§ Action item
In the material below, the lines from the one containing "Apartamento em Oliveira" through the one containing "Офисное кресло с" are to be given again exactly, ends included, and no others.

§ Input records
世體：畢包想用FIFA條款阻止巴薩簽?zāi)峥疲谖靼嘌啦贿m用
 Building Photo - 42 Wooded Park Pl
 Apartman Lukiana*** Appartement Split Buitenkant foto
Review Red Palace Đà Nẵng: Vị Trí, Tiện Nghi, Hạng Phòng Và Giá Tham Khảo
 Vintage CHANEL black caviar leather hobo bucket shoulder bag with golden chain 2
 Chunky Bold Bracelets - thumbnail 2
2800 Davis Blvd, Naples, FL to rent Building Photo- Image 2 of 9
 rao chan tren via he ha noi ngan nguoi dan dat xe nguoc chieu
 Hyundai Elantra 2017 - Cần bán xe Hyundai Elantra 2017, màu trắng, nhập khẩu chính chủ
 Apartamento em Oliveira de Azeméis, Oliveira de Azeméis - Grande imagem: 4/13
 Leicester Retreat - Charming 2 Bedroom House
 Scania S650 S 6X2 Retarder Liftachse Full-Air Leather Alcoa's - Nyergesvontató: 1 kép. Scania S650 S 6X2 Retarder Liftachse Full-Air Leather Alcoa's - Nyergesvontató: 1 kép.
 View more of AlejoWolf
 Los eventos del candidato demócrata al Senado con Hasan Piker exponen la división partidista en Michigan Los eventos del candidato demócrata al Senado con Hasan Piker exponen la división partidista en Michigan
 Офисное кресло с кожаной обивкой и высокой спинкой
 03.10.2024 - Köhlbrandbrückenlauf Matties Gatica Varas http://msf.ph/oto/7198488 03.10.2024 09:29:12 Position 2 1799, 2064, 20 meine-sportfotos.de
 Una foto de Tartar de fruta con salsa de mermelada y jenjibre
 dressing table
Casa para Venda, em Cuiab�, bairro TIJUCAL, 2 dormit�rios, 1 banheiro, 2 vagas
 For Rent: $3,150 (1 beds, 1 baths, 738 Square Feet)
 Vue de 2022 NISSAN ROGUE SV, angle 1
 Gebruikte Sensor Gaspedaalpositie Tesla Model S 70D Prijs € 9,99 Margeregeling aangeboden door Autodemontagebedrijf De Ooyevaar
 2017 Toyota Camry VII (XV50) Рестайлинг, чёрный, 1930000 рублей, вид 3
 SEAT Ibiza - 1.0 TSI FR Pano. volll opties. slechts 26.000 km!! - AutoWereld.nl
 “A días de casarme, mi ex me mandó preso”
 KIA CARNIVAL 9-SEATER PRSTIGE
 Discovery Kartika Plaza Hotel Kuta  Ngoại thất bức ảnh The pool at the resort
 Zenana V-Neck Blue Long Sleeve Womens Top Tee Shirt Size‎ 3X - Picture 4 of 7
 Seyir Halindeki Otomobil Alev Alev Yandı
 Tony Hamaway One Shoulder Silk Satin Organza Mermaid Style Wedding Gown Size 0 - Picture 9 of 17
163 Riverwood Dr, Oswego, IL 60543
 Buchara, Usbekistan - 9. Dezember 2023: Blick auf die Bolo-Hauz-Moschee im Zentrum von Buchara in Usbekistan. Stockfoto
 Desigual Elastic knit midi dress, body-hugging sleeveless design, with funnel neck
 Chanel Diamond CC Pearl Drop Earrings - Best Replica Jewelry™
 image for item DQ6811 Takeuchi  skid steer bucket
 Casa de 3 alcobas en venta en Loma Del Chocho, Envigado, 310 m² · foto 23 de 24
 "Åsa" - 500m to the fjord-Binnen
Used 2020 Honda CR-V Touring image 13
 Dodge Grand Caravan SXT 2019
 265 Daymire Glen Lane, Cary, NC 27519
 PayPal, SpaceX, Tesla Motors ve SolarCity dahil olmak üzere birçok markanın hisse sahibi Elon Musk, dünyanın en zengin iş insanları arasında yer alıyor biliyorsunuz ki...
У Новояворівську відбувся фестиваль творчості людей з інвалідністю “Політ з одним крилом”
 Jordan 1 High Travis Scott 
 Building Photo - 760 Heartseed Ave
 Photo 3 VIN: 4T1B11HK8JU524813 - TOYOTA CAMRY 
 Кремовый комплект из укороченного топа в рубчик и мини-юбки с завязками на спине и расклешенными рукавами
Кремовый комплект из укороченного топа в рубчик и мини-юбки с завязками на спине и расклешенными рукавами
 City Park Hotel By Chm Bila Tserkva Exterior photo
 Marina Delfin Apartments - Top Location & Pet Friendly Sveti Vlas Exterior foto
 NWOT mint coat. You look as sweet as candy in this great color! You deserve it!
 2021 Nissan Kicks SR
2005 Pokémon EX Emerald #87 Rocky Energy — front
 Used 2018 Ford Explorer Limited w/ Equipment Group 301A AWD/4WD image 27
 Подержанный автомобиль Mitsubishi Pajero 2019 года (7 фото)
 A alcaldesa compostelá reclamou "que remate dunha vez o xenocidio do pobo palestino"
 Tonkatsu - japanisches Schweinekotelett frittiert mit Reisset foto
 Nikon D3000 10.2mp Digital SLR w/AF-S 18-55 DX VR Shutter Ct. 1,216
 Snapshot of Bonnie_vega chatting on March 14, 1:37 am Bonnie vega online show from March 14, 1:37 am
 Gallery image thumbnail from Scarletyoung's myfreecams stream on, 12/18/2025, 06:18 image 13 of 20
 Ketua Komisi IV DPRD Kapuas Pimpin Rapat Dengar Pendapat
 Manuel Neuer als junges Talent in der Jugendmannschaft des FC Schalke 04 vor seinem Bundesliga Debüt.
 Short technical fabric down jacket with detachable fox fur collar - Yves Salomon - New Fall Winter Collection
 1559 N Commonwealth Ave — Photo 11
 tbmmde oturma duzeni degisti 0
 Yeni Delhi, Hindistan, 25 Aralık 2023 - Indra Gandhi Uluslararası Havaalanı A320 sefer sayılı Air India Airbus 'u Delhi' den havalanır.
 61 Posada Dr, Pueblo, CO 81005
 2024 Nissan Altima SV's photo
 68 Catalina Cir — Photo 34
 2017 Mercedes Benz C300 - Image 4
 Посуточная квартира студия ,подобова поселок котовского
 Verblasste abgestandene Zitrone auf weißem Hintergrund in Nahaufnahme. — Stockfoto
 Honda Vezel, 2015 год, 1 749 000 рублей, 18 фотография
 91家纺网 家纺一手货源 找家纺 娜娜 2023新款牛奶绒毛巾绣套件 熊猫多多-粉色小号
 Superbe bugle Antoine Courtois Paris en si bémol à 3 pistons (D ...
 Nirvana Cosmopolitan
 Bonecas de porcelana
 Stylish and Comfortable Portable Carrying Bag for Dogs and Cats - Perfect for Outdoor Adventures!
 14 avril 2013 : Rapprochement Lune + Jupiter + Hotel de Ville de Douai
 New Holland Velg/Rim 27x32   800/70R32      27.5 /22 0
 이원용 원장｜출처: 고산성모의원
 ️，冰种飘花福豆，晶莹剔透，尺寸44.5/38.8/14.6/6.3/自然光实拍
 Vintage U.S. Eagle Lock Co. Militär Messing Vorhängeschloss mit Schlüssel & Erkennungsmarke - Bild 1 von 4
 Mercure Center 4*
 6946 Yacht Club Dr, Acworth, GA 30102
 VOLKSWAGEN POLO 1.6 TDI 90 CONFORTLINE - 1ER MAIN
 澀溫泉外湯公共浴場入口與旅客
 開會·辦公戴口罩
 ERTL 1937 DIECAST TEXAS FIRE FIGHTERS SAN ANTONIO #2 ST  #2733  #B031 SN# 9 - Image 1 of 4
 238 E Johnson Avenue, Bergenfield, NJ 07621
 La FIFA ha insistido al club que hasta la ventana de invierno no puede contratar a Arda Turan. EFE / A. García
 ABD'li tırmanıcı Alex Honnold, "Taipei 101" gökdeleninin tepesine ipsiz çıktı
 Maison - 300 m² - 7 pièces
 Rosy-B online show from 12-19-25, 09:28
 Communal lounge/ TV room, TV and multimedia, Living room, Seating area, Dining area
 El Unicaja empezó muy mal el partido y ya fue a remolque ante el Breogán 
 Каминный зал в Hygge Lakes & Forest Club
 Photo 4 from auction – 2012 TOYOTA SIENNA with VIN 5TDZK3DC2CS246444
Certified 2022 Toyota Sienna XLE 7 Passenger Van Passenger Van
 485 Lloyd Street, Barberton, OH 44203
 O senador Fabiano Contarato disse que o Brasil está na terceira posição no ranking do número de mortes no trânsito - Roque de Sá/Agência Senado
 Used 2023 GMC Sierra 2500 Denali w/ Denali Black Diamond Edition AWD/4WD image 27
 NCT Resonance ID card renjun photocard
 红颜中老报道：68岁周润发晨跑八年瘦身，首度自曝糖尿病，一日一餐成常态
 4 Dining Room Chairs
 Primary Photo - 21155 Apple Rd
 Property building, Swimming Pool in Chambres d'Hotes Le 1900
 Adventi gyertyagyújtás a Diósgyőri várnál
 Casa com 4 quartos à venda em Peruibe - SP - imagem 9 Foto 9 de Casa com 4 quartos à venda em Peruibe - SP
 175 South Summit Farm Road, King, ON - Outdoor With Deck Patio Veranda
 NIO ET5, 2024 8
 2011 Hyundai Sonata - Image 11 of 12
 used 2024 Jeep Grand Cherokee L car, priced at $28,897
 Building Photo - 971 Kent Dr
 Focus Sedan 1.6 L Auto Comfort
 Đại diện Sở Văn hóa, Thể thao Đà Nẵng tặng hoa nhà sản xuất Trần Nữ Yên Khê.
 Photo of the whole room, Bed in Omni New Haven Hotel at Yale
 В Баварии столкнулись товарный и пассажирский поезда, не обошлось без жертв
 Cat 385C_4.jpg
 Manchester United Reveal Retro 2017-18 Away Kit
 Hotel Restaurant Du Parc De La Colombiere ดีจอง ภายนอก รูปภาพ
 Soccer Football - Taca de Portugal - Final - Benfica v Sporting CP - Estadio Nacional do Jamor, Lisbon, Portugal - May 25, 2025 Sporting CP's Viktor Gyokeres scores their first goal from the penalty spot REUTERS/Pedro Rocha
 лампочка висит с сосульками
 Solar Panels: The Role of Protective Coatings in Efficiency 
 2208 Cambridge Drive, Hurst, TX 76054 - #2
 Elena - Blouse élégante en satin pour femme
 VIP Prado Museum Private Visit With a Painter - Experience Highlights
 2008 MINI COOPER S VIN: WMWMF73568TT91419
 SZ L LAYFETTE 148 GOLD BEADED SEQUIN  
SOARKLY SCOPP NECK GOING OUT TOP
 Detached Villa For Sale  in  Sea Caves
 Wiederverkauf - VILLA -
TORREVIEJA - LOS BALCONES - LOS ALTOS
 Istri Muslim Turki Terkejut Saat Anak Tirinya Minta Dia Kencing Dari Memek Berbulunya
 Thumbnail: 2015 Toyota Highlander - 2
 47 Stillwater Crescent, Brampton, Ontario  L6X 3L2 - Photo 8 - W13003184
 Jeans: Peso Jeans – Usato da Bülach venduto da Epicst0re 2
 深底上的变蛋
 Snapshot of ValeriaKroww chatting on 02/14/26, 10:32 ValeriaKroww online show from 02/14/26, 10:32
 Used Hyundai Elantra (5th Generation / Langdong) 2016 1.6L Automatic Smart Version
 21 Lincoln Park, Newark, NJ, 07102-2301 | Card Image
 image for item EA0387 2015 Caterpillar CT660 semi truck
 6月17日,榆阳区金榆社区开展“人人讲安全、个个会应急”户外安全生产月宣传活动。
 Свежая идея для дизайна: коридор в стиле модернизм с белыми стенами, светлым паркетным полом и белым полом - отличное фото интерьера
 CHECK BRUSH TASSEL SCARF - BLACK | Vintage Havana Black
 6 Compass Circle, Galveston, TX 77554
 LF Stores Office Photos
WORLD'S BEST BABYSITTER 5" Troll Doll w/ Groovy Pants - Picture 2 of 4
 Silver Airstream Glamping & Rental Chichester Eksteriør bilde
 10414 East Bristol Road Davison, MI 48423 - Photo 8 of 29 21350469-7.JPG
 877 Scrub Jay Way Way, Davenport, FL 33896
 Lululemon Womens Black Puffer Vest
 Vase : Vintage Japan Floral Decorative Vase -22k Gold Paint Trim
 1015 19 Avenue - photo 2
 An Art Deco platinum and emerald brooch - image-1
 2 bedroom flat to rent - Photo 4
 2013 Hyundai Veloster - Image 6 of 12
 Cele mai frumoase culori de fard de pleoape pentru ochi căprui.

§ Solution for this problem
 Apartamento em Oliveira de Azeméis, Oliveira de Azeméis - Grande imagem: 4/13
 Leicester Retreat - Charming 2 Bedroom House
 Scania S650 S 6X2 Retarder Liftachse Full-Air Leather Alcoa's - Nyergesvontató: 1 kép. Scania S650 S 6X2 Retarder Liftachse Full-Air Leather Alcoa's - Nyergesvontató: 1 kép.
 View more of AlejoWolf
 Los eventos del candidato demócrata al Senado con Hasan Piker exponen la división partidista en Michigan Los eventos del candidato demócrata al Senado con Hasan Piker exponen la división partidista en Michigan
 Офисное кресло с кожаной обивкой и высокой спинкой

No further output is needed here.